▶ [Activity]:
Would you please set down, word for word, the lines from the one with "Retro Leopardenmuster Arbeitskleidung" through the final line of the data below, omitting any pictures?

(Beginning of Records for the exercise)

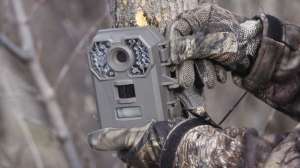 Predator hunting setting up a trail camera copyright Mark Kayser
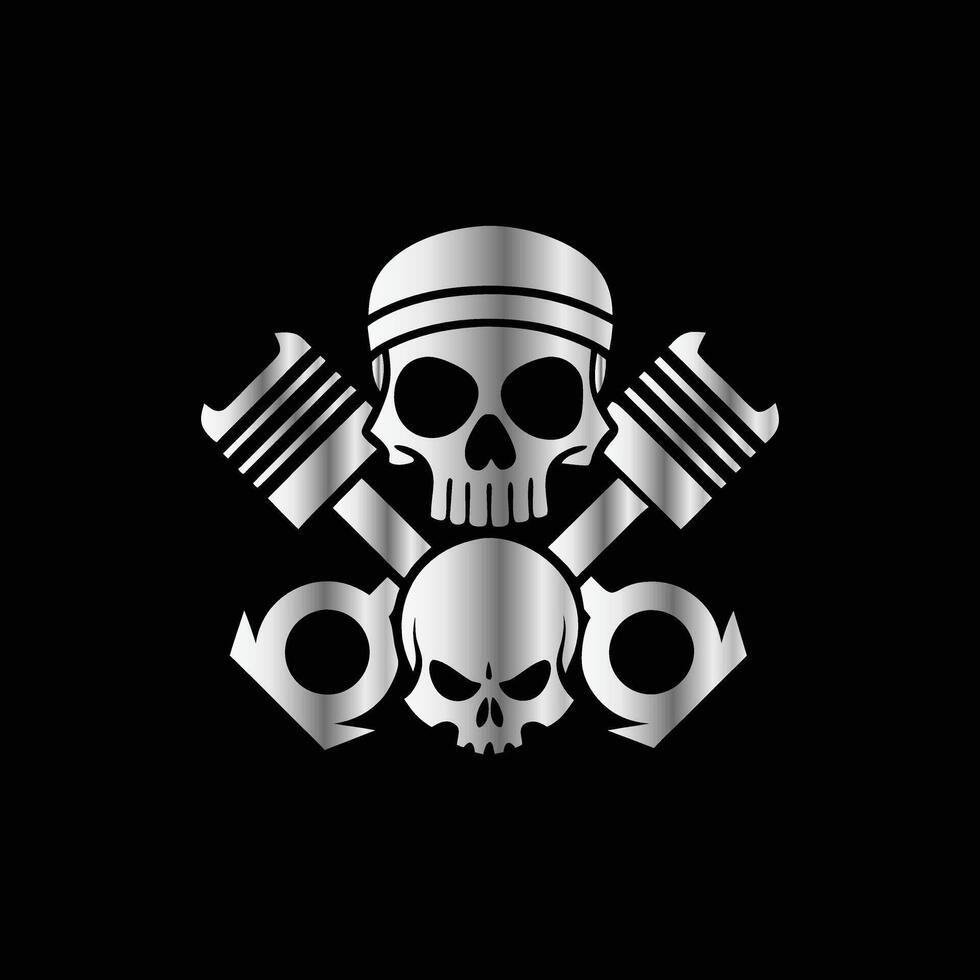 a skull and two wrenches on a black background. Automotive engine logo design vector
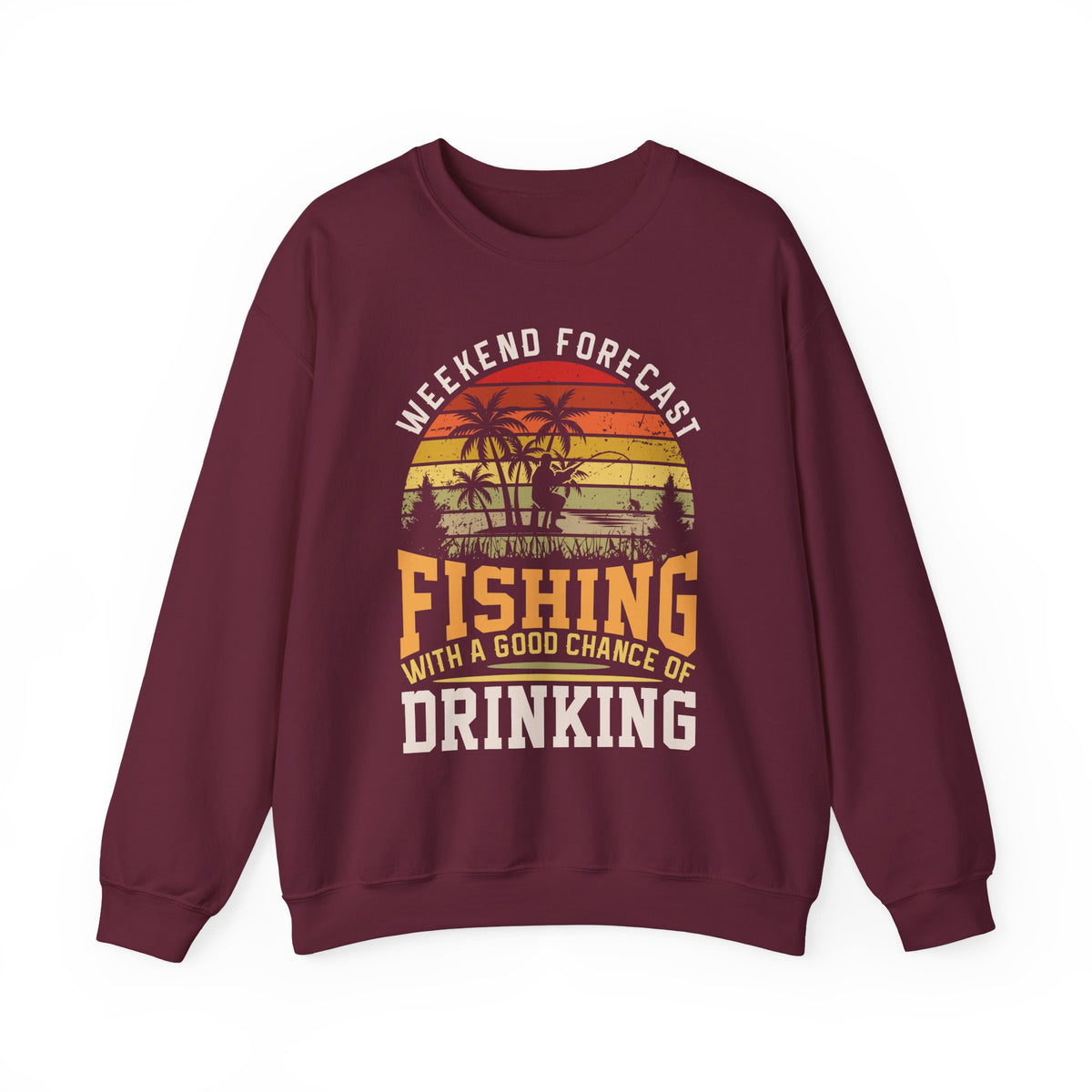 navy sweatshirt with fishing and drinking forecast slogan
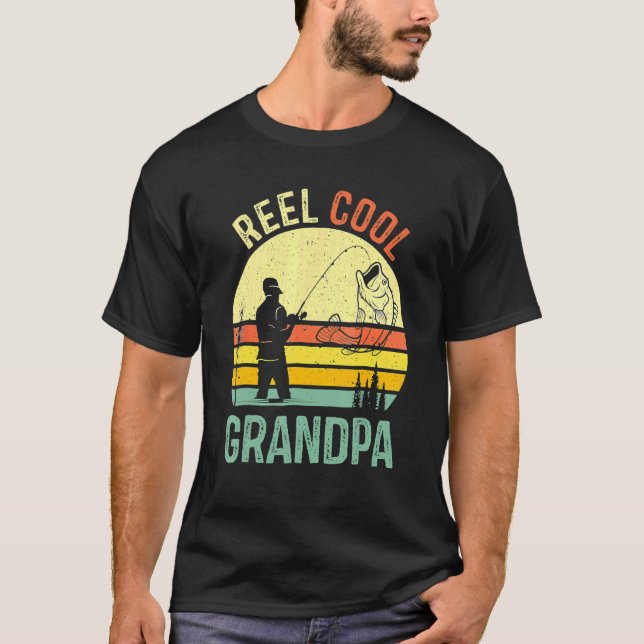 T-shirt Reel Cool Grand-père Pêcheur Daddy Fête des pères  (Devant)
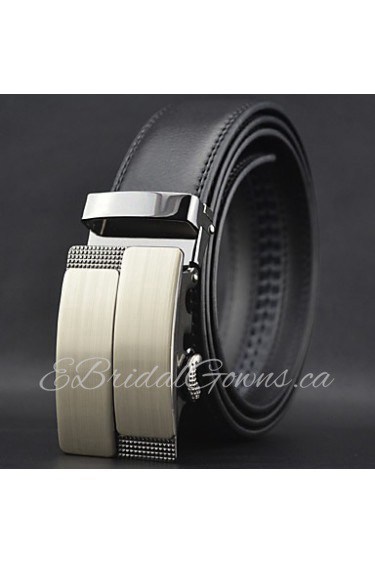 Men Black Automatic Buckle Genuine Leather Wide Belt Business Waist Strap,Work/ Casual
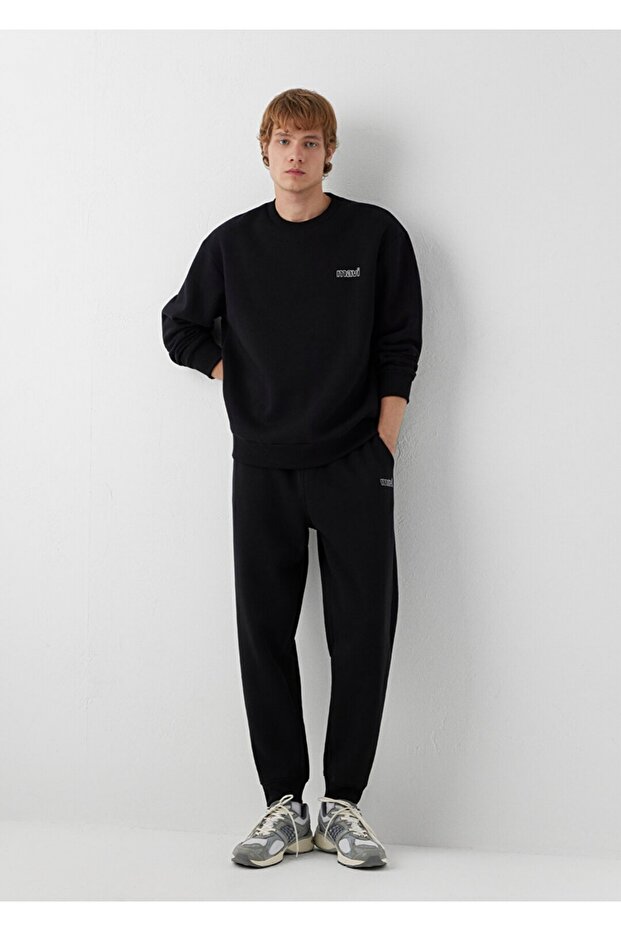 Logo Printed Regular Waistband, Regular Straight, Elasticated Hem Men's Sweatpants.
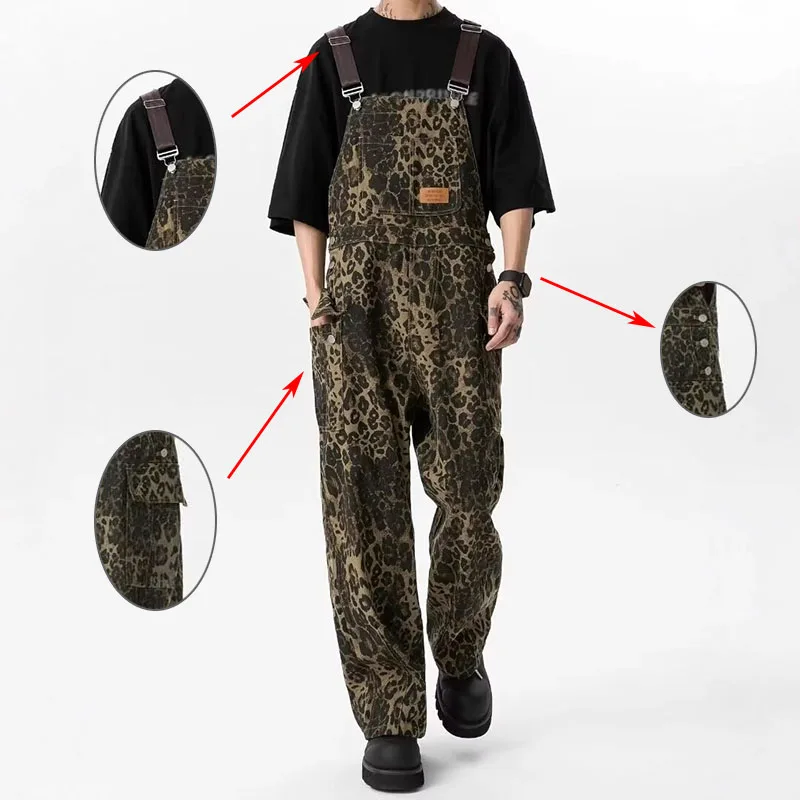 Retro Leopardenmuster Arbeitskleidung Overall mit Großen Taschen Gerade Geschnittene Hose für Herren Lose Lässige Weite Jeanshose Image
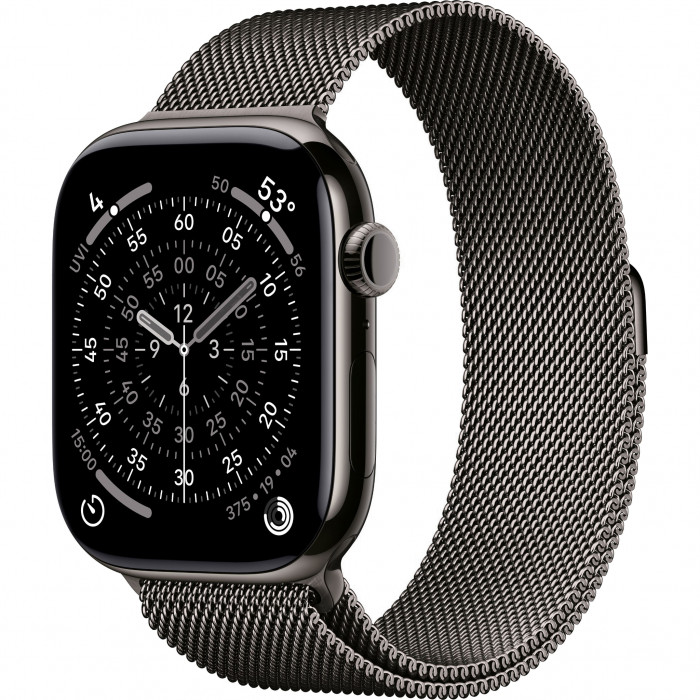 Apple Watch 11 46mm, Slate Titanium, Milanese Loop, M/L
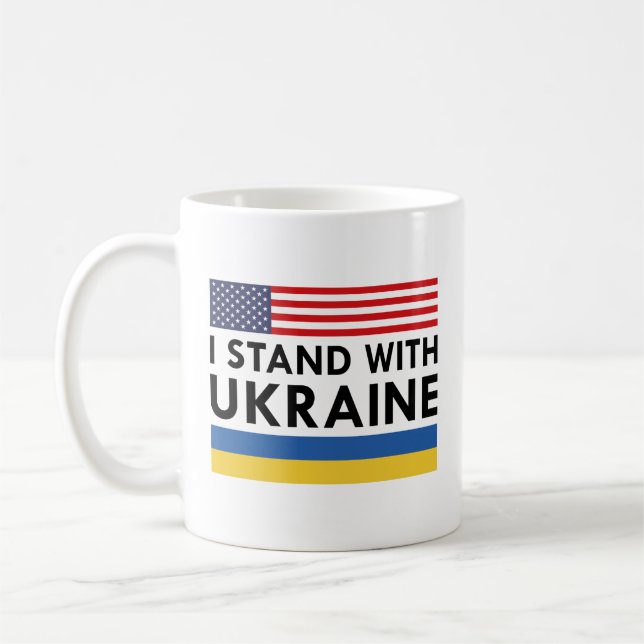 Caneca De Café Eu fico com a Ucrânia EUA (Esquerda)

(End of Records for the exercise)

▶ [Reply]:
 Retro Leopardenmuster Arbeitskleidung Overall mit Großen Taschen Gerade Geschnittene Hose für Herren Lose Lässige Weite Jeanshose Image
 Apple Watch 11 46mm, Slate Titanium, Milanese Loop, M/L
 Caneca De Café Eu fico com a Ucrânia EUA (Esquerda)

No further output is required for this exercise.